Disclaimer: I'm neither a gunsmith nor a machinist (though I have a 30+ year experienced machinist as a mentor) and have yet to do my first build, but I've been practicing for months now doing tenons and muzzle threads on 416 and 4140 bar stock.

I use a HSS or cobalt tool blank ground to a sharp edge and honed razor sharp with just enough of a radius on the tip to see it with a loupe. I use this to true up the shoulder surface after the tenon diameter is right and I just run it in about 2 thou more than the tenon diameter on my final pass. It leaves a barely perceptible notch in the tenon at the shoulder and the lug fits true and flush. I sharpen the tool before every shoulder cut as it will dull very quickly.
 
i usually chamfer my lugs and leave the raduis at the tenon/shoulder junction.

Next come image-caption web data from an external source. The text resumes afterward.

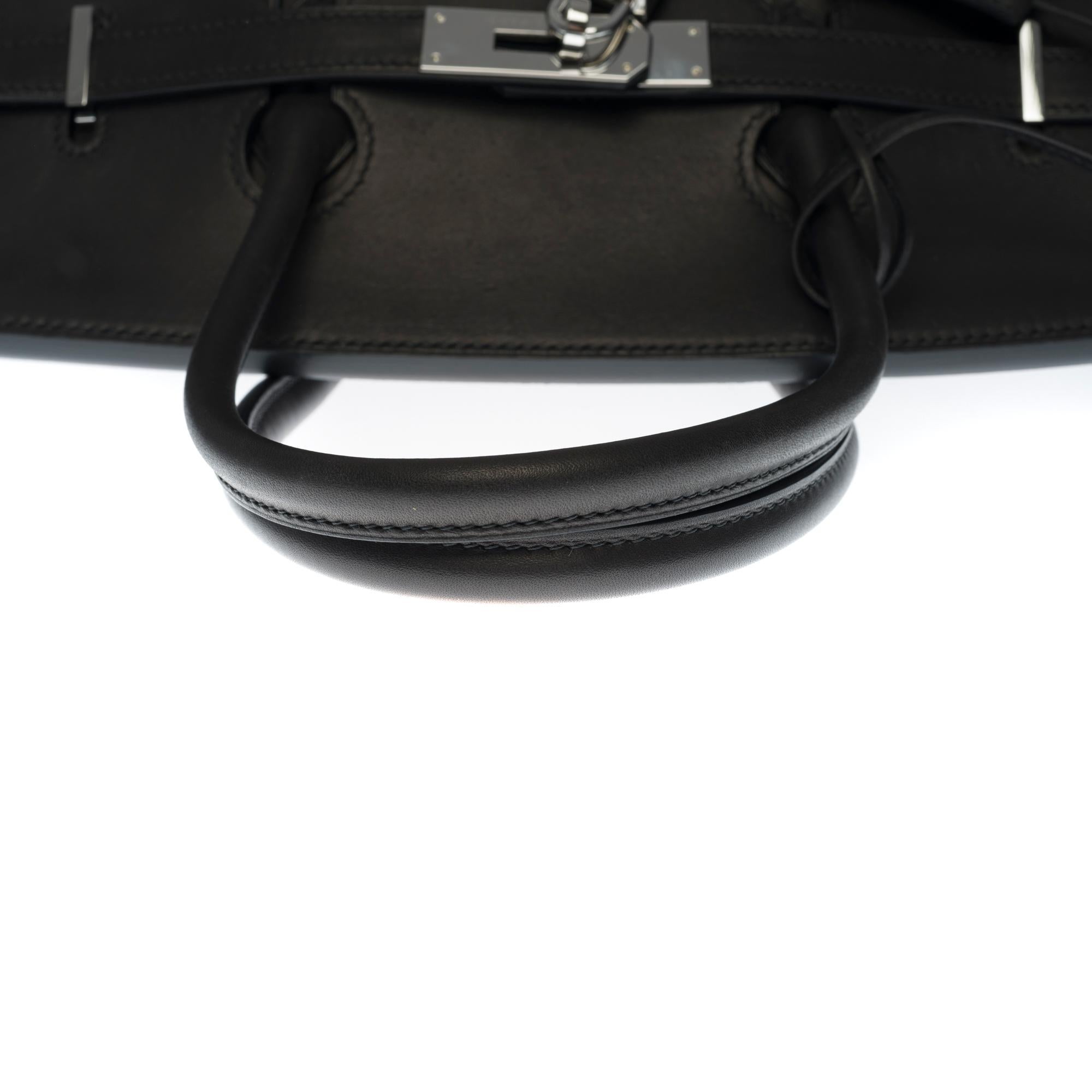 NEW - ULTRA RARE- Hermès Birkin 35 handbag in Black Barenia leather , SHW 2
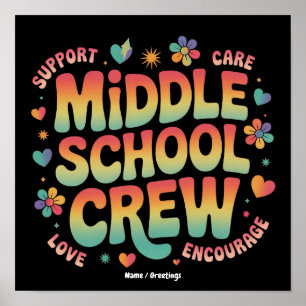 Middle School Crew Vintage Teacher Student Gift  Poster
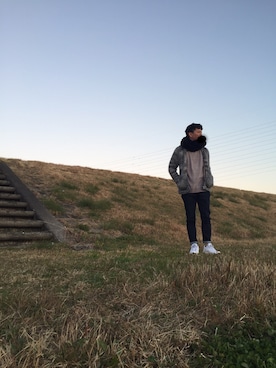 「土手」｜k!o!👶👶さん（メンズ・171cm）の冬コーディネート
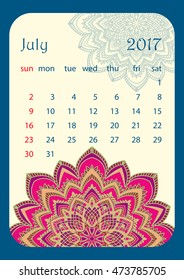 July 2017 Calendar decorated with circular flower mandala. Vector illustration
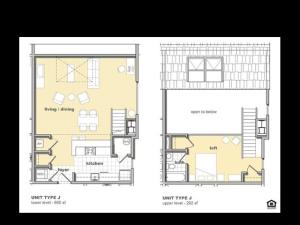 1 bedroom 1 bathroom floorplan. Living space and kitchen with lofted bedroom upstairs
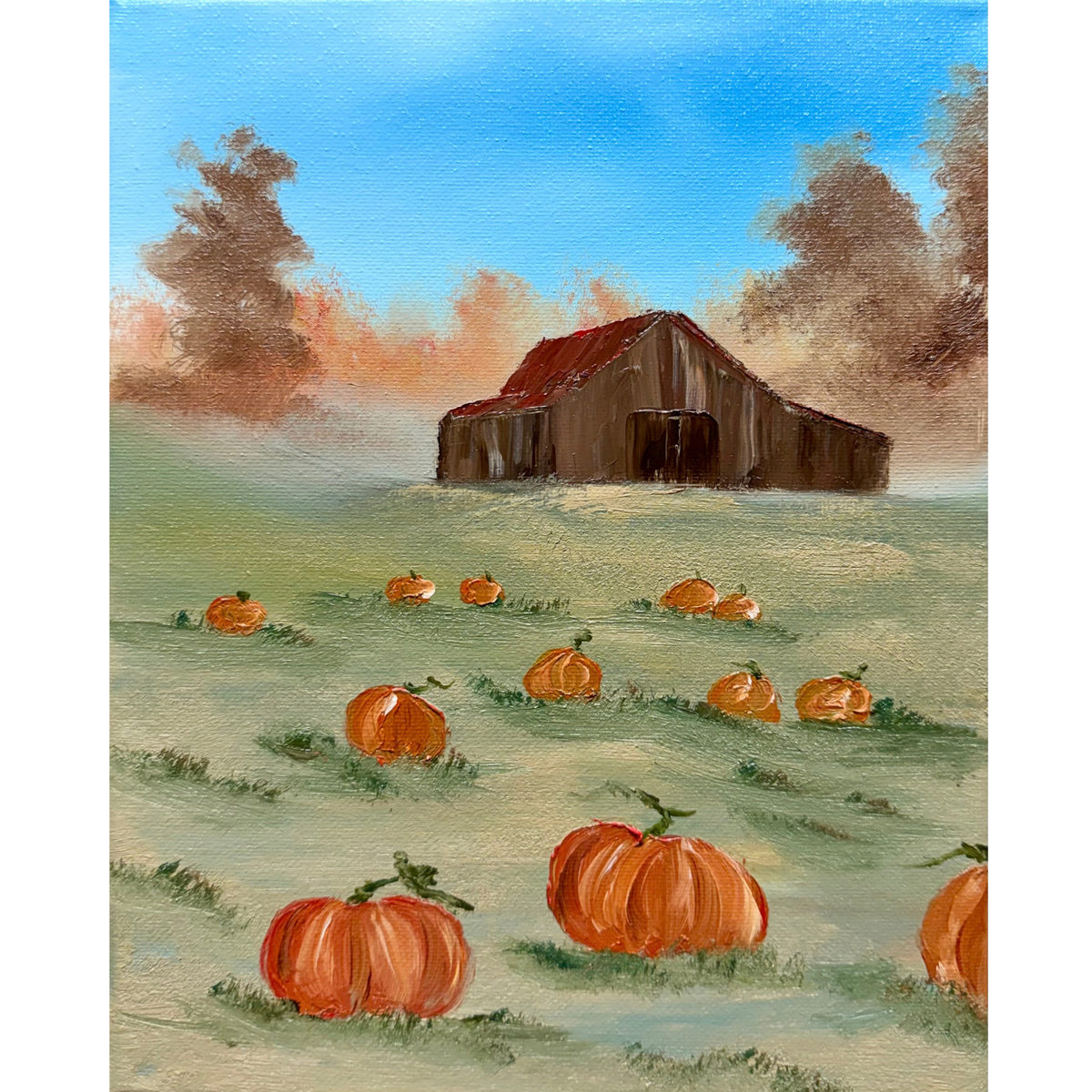 Autumn oil painting of a rustic barn surrounded by pumpkins and colorful fall trees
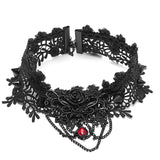 Rose And Thorns Gothic Lace Necklace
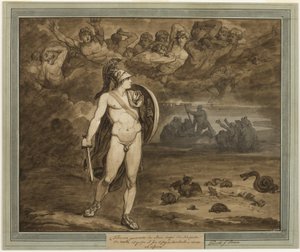 Telemachus ، معتقدًا أن والده ، يوليسيس ، قد مات ، يبحث عنه في العالم السفلي ، من مغامرات Telemachus ، الكتاب 18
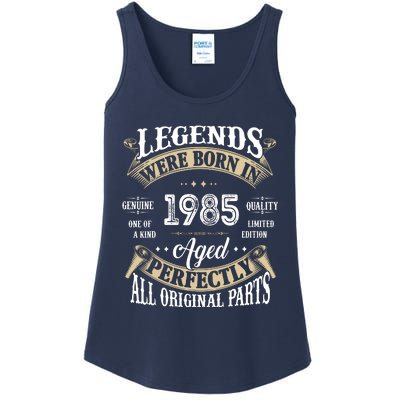 37rd Birthday Vintage Legends Born In 1985 Ladies Essential Tank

edit: i'd really like to see aftermarket receiver manufacturers using a monolithic receiver/lug use a slightly longer counterbore and a chamfer at the id of the receiver face.
 
The VNMG carbide inserts that I use for facing the barrel shoulder have a 0.015" radius at the tip, which leaves a correspondingly small fillet. When I open up the recoil lug to the barrel shoulder diameter, I just touch the corner of the ID and a sufficient radius is generated. Of course, a moment or two with a file or deburring tool will also do the trick.
 
It all depends on the recoil lug or the receiver face with integral lug. If you get a surface ground aftermarket lug from PTG, it will be VERY sharp with no radius. That is when you should exaggerate the chamfer on the tenon. Using a .030 thousands width parting tool does a good job when you drop the corner of the shoulder surface down about .010-.015 thou.
 
Last edited:
I have ran my cutter in to under cut the shoulder slightly, I seem to always get a light chatter on the tool. I used to run a grooving tool and break the radius, worked good just was too wide I thought. I have a different grooving tool with .019 & .027 wide inserts coming. They're a full radius cutter (if I understand correctly) so it should work very well for breaking the radius for the lug and timing of barrels.
 
Best practices dictates that you remove the offending sharp edge on the lug to clear the radius in the corner of the journal; a sharp internal corner is a stress riser. Of course there is little likelihood that a barrel is going to break off at the tenon, but it only takes a few minutes more to do it the right way (to my way of thinking).

Joe
 
Best practices dictates that you remove the offending sharp edge on the lug to clear the radius in the corner of the journal; a sharp internal corner is a stress riser. Of course there is little likelihood that a barrel is going to break off at the tenon, but it only takes a few minutes more to do it the right way (to my way of thinking).

Joe

Is having the root diameter of the threads the minor diameter of the part following "best practices"?

I'm thinking that if stress risers/stress concintration was a true concern, reducing a short section to a diameter smaller than the root of the thread between the thread and shoulder, and then radiusing into the shoulder would be the best.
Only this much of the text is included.